__WHAT YOU HAVE TO DO__
The line containing "New Balance shoes" and every line after it, through the end of the records below, are to be reproduced exactly, with the pictures left out.

Captioned web images:
▼
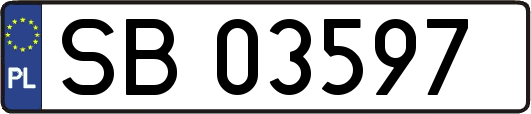 SB03597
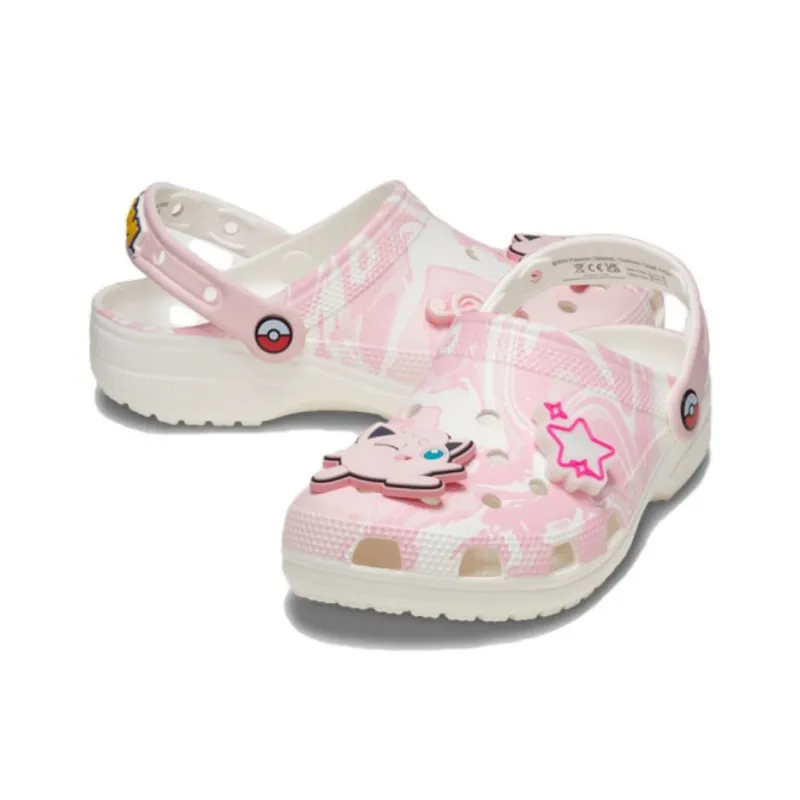 Crocs Classic Clog Pokémon Jigglypuff-3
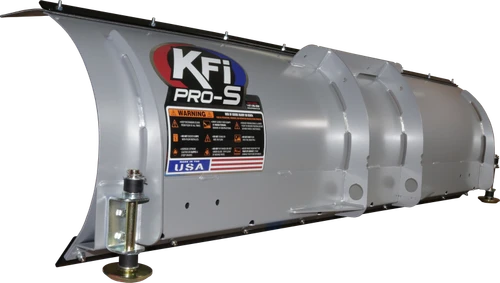 KFI UTV Straight Blade 66 in - Plows & Blades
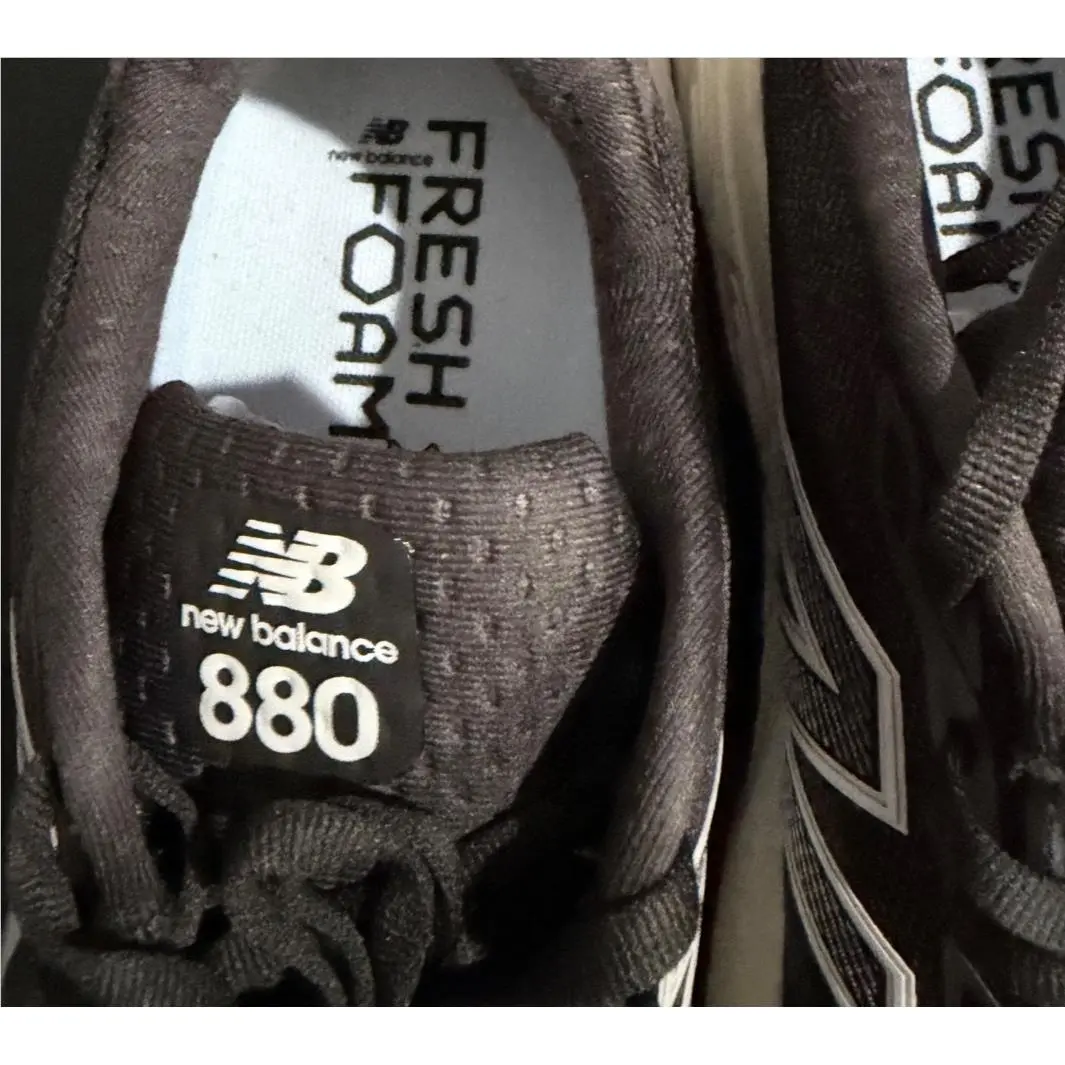New Balance shoes - 880v15 - W880H15 - Black grey 5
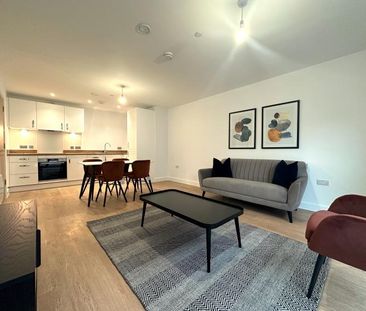 2 bedroom apartment to rent - Photo 2
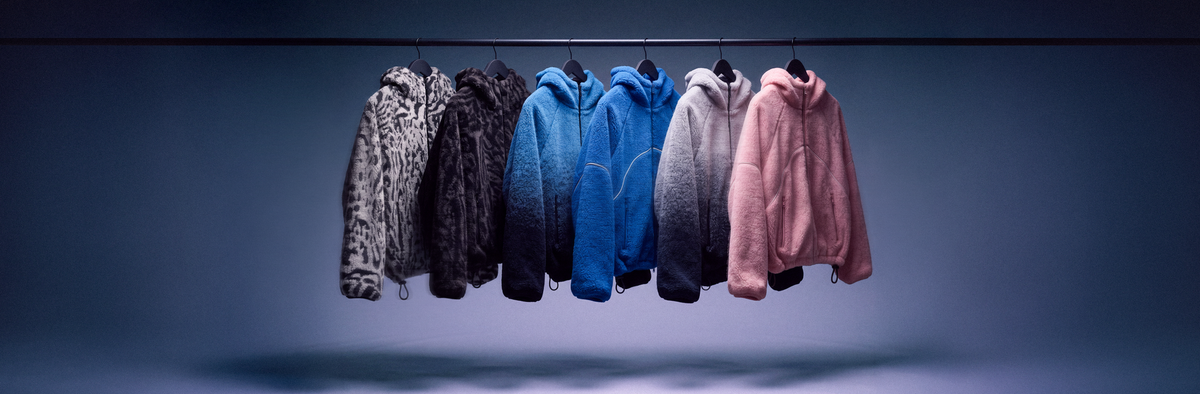 Fleece Hoodie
▲
__ANSWER TO THIS EXERCISE__
New Balance shoes - 880v15 - W880H15 - Black grey 5
 2 bedroom apartment to rent - Photo 2
 Fleece Hoodie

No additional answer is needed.